Can encouraging respondents to contact interviewers to make appointments boost co-operation rates and save costs? Evidence from a randomised experiment in the UK

Publication type

Research Paper

Series Number



CLS Working Paper Series


Publication date

September 15, 2013


Within an international context of declining survey response
rates and increasing survey costs, there is increasing emphasis on finding
innovative ways to maintain response rates and improving the cost-effectiveness
of fieldwork effort. One of the main components of survey costs is interviewer
call attempts associated with making contact. An innovative approach to
reducing these costs, pioneered by the National Opinion Research Center (NORC)
on the 1979 cohort of the National Longitudinal Surveys of Youth (NLS79) in the
US, is to encourage, using an additional incentive, sample members to initiate
contact and book an appointment for their interview, rather than waiting for an
interviewer to contact them. This paper describes a randomised experiment,
conducted on the Innovation Panel of Understanding Society: the UK Household
Longitudinal Study (UKHLS) in 2011, which sought to evaluate whether this
‘early bird’ approach could be successful in a UK context. Our experiment also
included a treatment group who were not offered an incentive to become an
‘early-bird’ and were instead encouraged to book an appointment by an appeal to altruism. We found that
significantly fewer call attempts were required for households who took up the
early-bird offer. Our experimental and analytical approach meant that we were
able to robustly attribute this reduction to the take-up of the offer.
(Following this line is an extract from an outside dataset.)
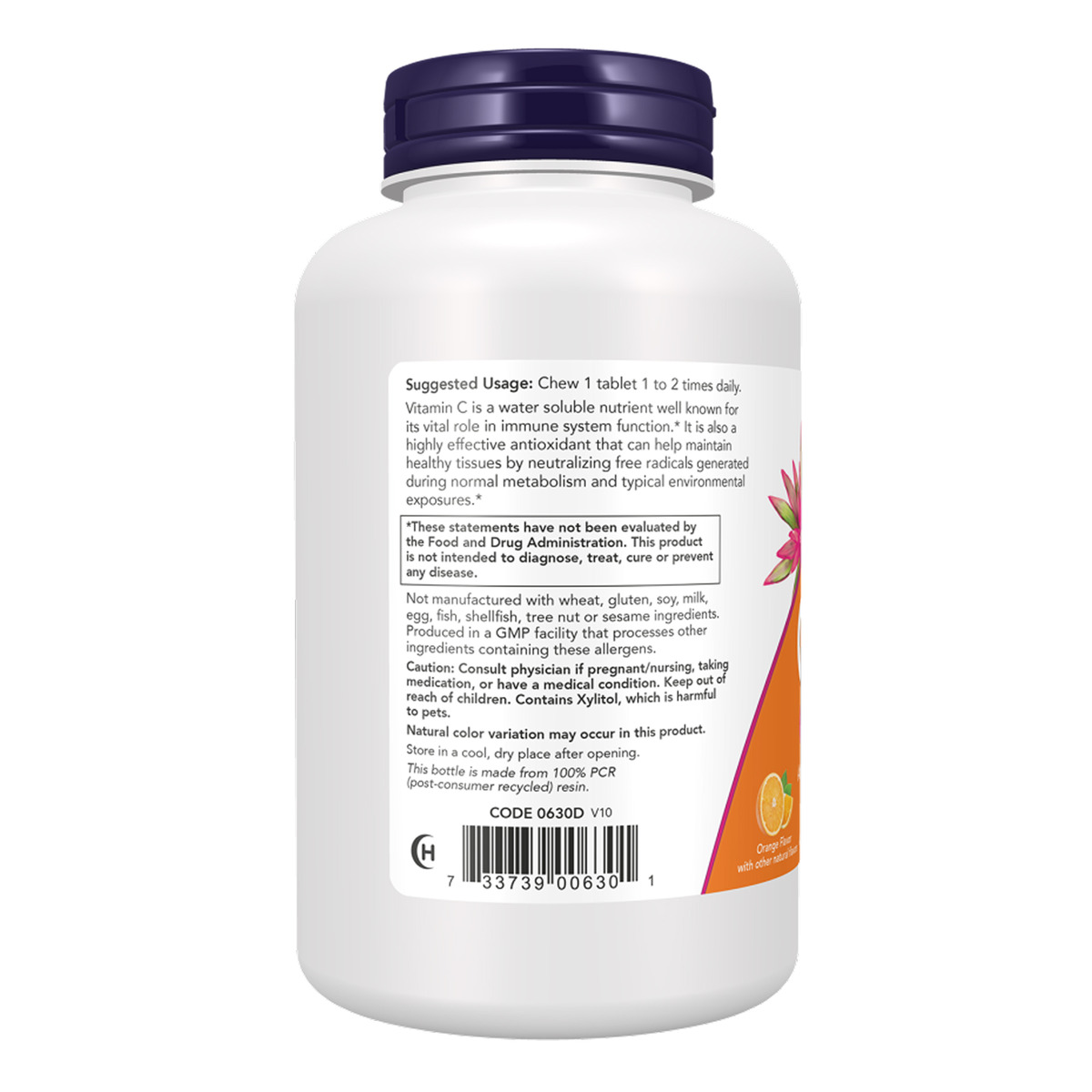 C-500 Chew Orange - 100 tabs. Фото 3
No
impact on response rates was detected. We also found that although some respondents
took up the offer as a result of the appeal to altruism, a higher proportion
did so when an incentive to become an ‘early-bird’ was offered. However,
overall the take-up of the early-bird offer was relatively low, and much lower
than on NLSY79, and for this reason there was no overall reduction in fieldwork
effort. This implies that the early-bird approach has the potential to reduce
costs, but that further research is needed to examine ways of encouraging a
higher proportion of respondents to set-up appointments for themselves.